Google Pixelbook. Image credit: Google
The Electronic Privacy Information Center (“EPIC”), a civil liberties group based in Washington D.C., filed an amicus brief in the United States vs. Wilson case concerning Google scanning billions of users’ files for unlawful content and then sending that information to law enforcement agencies.
Bypassing the Fourth Amendment
EPIC alleges that law enforcement is using Google, a private entity, to bypass the Fourth Amendment, which requires due process and probable cause before “searching or seizing” someone’s property.
As a private entity, Google doesn’t have to abide by the Fourth Amendment as the government has to, so it can do those mass searches on its behalf and then give the government the results. The U.S. government has been increasingly using this strategy to bypass Fourth Amendment protections of U.S. citizens and to expand its warrantless surveillance operations further.
Image Hashes vs. Image Matches
Google and a few other companies have “voluntarily” agreed to use a database of images hashes from the National Center for Missing and Exploited Children (NCMEC) to help the agency find exploited children.
More than that, the companies would also give any information they have on the people who owned those images, given they are users of said companies’ services and have shared the images through those services.
Image hash values are unique alphanumerical strings of characters that can be associatedwith images. These values are then used to match one image to another and see if the files are 100% identical.
EPIC alleges that Google has gone even beyond this voluntary commitment to help NCMEC find criminals who exploit children by using image hash matching, and it’s now also using image matching techniques that can look at different files to see whether or not they contain a certain image.
EPIC said this is very different from the first case of hash matching because image matching can result in many false positives (the algorithm can say that a certain file contains the original image, even though it doesn’t).
Referring Innocent People to Law Enforcement
EPIC noted that neither Google nor the government has revealed how the image matching algorithm works nor have they revealed accuracy, reliability, or validity of the technique, all of which are required for scientific evidence in court.
EPIC argues that Google or other companies could use similar algorithms to scan not just for images of exploited children, but also for other purposes such as determining if files contain religious views, political opinions, or “banned books.”
Google was recently involved in a controversy about its development of a censored search engine for China, called “Project Dragonfly.” The search engine would enable the identification of material that the Chinese government considers “sensitive,” which likely goes much further than images of exploited children.

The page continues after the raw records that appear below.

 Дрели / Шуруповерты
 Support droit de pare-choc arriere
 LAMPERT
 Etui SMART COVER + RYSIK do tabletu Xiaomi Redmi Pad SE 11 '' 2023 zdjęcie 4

A Need for Algorithmic Transparency
In the Carpenter vs. United States case, the Supreme Court recognized that the existing Fourth Amendment standards need to be reexamined in the new digital age. The Court ruled that the government couldn’t automatically track individuals’ locations everywhere they go for long periods of time without a warrant.
If the equivalent of the digital surveillance translated to the physical world meant that the government would have to deploy costly surveillance operations that would rarely happen, then the much cheaper automated digital surveillance shouldn’t be permitted without a warrant, either.
EPIC argued in its new briefing that automated scanning of files for various “crimes” falls into the same category. Even if the scanning of files can be cataloged as “private search,” the government would need to have “virtual certainty” that the files it intends to open are the same ones that were scanned by the private company, and this may not be possible. The government can’t guarantee that the files identified by Google are the same ones that the user uploaded.
This is also why EPIC believes that algorithmic transparency is critical for software that interacts with the justice system and provides information that incriminates users of various services.